- Shannon Bontrager
History But Not Memory

Monuments are historical and memorial but not in the way that most people think. Monuments are historical but do not represent history. The historical value of a memorial is its ability to document a place and time when a collective memory was made. Monuments cannot document past events. Maya Lin’s Vietnam Memorial in Washington, D.C., for example, cannot tell us anything about what actually happened in the Vietnam War even though it documents the names of soldiers who died in the conflict. The memorial cannot provide a history of the Vietnam War, but it can provide a history of when and how we remember the conflict. The history of monuments is often elusive because shrines often take the physical shape depicting a historical event leading people to believe that the monument documents an actual incident. But a monuments’ historical value mostly resides in the making of the monument itself, that is to say, in the proposing, financing, constructing, and placing the memorial. After the monument is attached to the pedestal, the history of the monument mostly ends. Monuments hold very little if any historical value when it comes to the actual events that are carved into them because they are not capable of documenting the event. Somewhere around the moment of dedication, the monument’s history ends and its memory begins. That is to say that although a monument cannot represent historical events, it can represent how people remember the past. This kind of collective remembering is called cultural memory and it refers to the way that communities, in an official capacity, choose to remember. Legislators in the state of Georgia have seemingly confused history with memory in their latest overreaching attempts to preserve Confederate monuments.

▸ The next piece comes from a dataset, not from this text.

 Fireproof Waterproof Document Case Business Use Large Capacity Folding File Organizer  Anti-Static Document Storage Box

Senator Jeff Mullis (R-District 53), a member of the Senate Committee for Economic Development and Tourism and whose district includes the Chickamauga Battlefield National Park, introduced Senate Bill 77 (SB 77) in February 2019. Senator Mullis successfully navigated the bill through the Senate and his Republican colleagues in the House of Representatives approved the bill in late March. The bill proposes to protect all monuments in the state, including Confederate monuments, from being vandalized or removed from public setting. Any sort of defacement or removal will result in a financial penalty three times the cost of fixing or replacing the monument including state attorney’s fees and court costs. Local communities who wish to remove a Confederate monument, are prohibited from doing so by the State government. They can only remove a monument to an alternative location that is equal in “prominence, honor, visibility, and access.” In defense of his bill, Senator Mullis claimed he wanted to “promote our history and to save it.” “I think it is time to protect our history,” the Senator said, “good, bad, or indifferent, its what created our state.” He continued, “coming from a town of Chickamauga that’s full of history, it only makes sense for me to carry this bill, and I’m proud to do so.”[1] In this sentiment, we can all agree to save our history. The problem is that SB 77 does not accomplish this task.
Senator Mullis’s desire to save our history (a sentiment that I share with the Senator) would be better expressed in a bill that acquires new funding lines for history programs or increasing historians’ wages throughout the state’s public education systems. Critics of the bill accuse SB 77 of actually failing to protect history precisely because it protects Confederate memories. Especially at a time when controversy rages over the Decatur Confederate obelisk, the Stone Mountain Confederates, and the many Confederate monuments raised throughout the state, the history of these monuments is clear: they were not proposed, financed, built, or dedicated during the days of the Civil War rather, the history of these monuments resides in the Jim Crow days of segregation in the early twentieth century. They were built by communities who sought to preserve a false Confederate memory of the past, a memory that celebrated the Lost Cause, white supremacy, and reminded African American people to stay on their side of the Color Line. In defending Georgia’s Confederate monuments, it seems that politicians have misunderstood the difference between history and memory and this needs to be corrected. Senator Mullis seeks to save history but what this will actually accomplish is to save a mythologized memory of the Civil War. SB 77 legally prevents local governments from remembering the past on their own terms because it forces people to accept a myth in place of “history.” In fact, the law makes it more difficult not only to remove monuments from public places but also for people to replace the mythology of the Lost Cause because the bill makes it more difficult for people to remember the past in ways that bypass the false memories of segregationists at the last century’s turn. It makes the load of remembering so burdensome as to discourage it from happening altogether. The message in this bill is one that seeks to separate the present from the historical past which was exactly what segregationists hoped to accomplish in building the monuments in the first place: to hide the past of emancipation and reconstruction with a memory of segregation and white supremacy.
Although SB 77 protects civil rights monuments and other war monuments, the bill fails to distinguish correctly between history and memory. Civil rights monuments tend to clearly bring the past into the present because they reveal the very memories that Confederate monuments mean to obscure. What is historical about Confederate monuments is that they are artifacts of a time when segregation reigned supreme and we should preserve them as evidence to document a time when Georgians embraced memories of segregation and racism throughout the state. We should indeed acknowledge the history of these monuments. But we should not embrace the memories that they represent. If Georgia cannot find a way to creatively build a cultural memory that understands how monuments function historically and commemoratively, Georgians will not be able to effectively confront the past nor understand the actual history that created the state. History is not embedded in an artifice of marble. No matter if a monument is torn down or not, history cannot be changed by adding or subtracting memorials. What can be changed are memories and the first step to changing cultural memory is to produce memorials that bring the past into the present and contextualize (even if that means removal to another less prominent location) memorials that obscure the past from reaching into the present.